Le opinioni. Meno “fare” e più relazioni
«Carità al tempo della fragilità? Buon vicinato? Sentivamo il bisogno, prima di tutto, di trovare un fondamento pastorale dal quale partire». Don Enrico Piccolo, parroco di Campodarsego e vicario foraneo del Graticolato, racconta la genesi dell’esperienza di “formazione laboratoriale” per le cinque parrocchie del Comune. «Il nostro impegno – spiega – era quello di trovare quattro o cinque persone per parrocchia sensibili ai temi della Caritas, ma non ancora impegnate nei servizi che Caritas sta portando avanti. Ci servivano infatti teste nuove per pensieri nuovi». Non per contrapporsi, ma per esplorare: «Anch’io sono cresciuto con questo schema mentale – rivela don Enrico Piccolo – legato alla “Caritas classica” lodevolmente impegnata sul fronte del fare, dagli interventi di sostegno alle classiche borse della spesa». E proprio a Campodarsego esiste un centro d’ascolto a dimensione parrocchiale, non vicariale: «Serve un contorno pastorale perché sia espressione della sensibilità della parrocchia e non un servizio assistenziale rivolto a pochi». Uno stimolo è arrivato dall’emergenza Covid e dal progetto “La Carità nel tempo della fragilità”, nel quale i 6.500 euro messi a disposizione dalla Diocesi per progetti personalizzati sono stati più che raddoppiati dalla generosità dei parrocchiani: «Ci ha dato prova che in parrocchia esistono vivacità e attenzione». E allora il “contorno” pastorale diventa quel centro che tiene tutto unito, una visione pastorale in cui entrino a pieno titolo «catechesi, liturgia, carità, Parola e spiritualità». Dopo l’estate il cantiere riaprirà, allargandosi ancora di più al territorio: «Il mio sogno – conclude don Enrico Piccolo – è quello di coinvolgere le imprese del nostro territorio».
Morena Garbin, della parrocchia di Reschigliano, vicariato di Vigodarzere, spiega: «Ci siamo mossi già da prima per chiedere occasioni di formazione insieme alle altre parrocchie di Campodarsego. Notiamo purtroppo che nei nostri territori sta venendo meno il tessuto sociale. Il Covid ha dato il colpo di grazia in questo senso.

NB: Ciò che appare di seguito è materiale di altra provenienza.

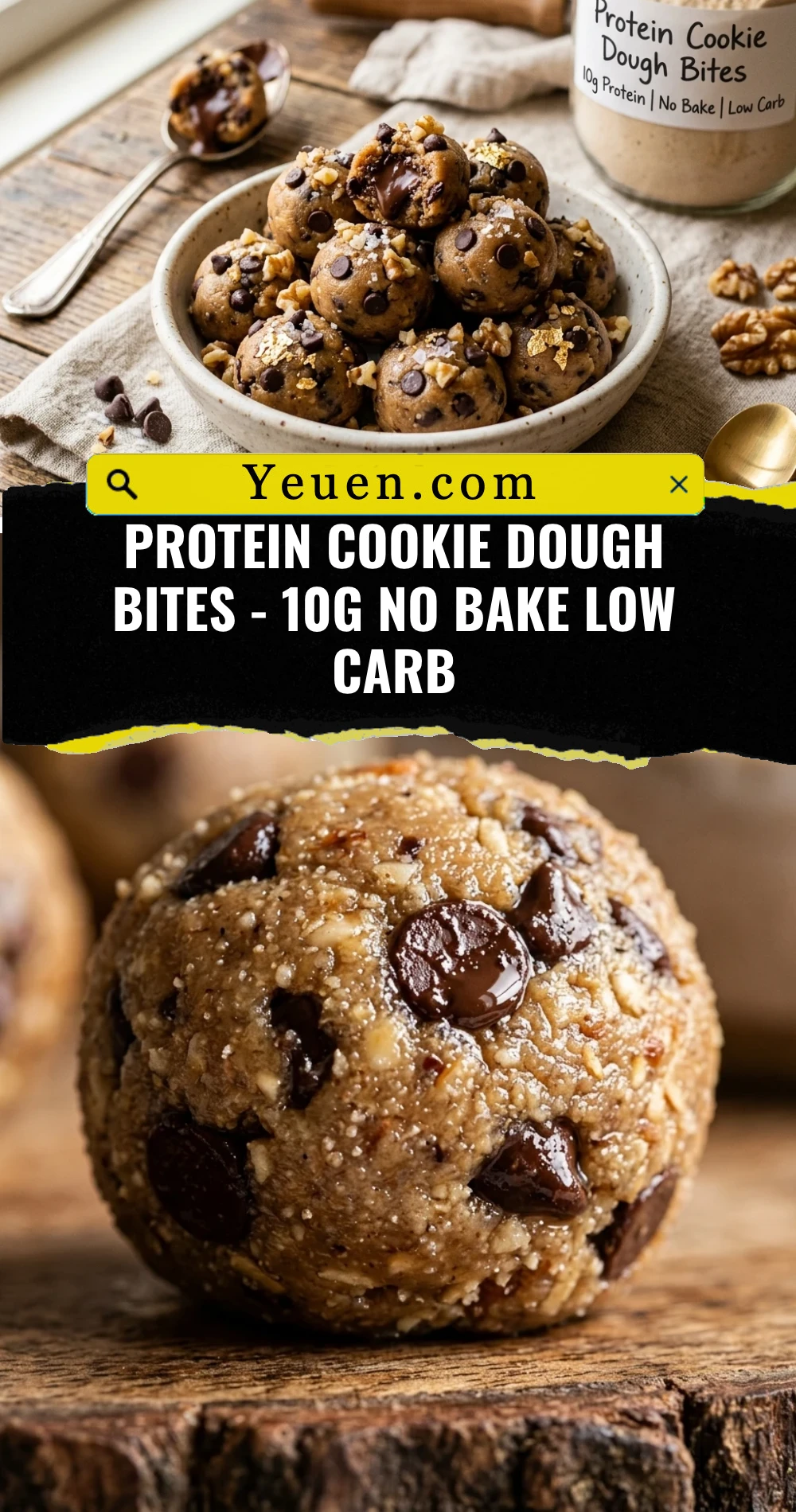 Protein Cookie Dough Bites - 10g No Bake Low Carb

Per questo, ciò che Caritas dovrebbe fare oggi è proprio operare nel territorio per ricreare reti di relazioni. Ed è proprio la direzione verso cui vanno gli incontri che abbiamo vissuto». Una direzione che vede parrocchie sempre più attente ai territori che le circondano: «Dialogando tra persone di parrocchie diverse abbiamo confermato la necessità di progettare momenti di inclusione che tendano ad avvicinare le persone nei territori, specie i nuovi arrivati, anche con incontri, feste e manifestazioni. La Caritas, insomma, non dovrebbe limitarsi a gestire le emergenze ma rivendicare la sua funzione educativa per le parrocchie».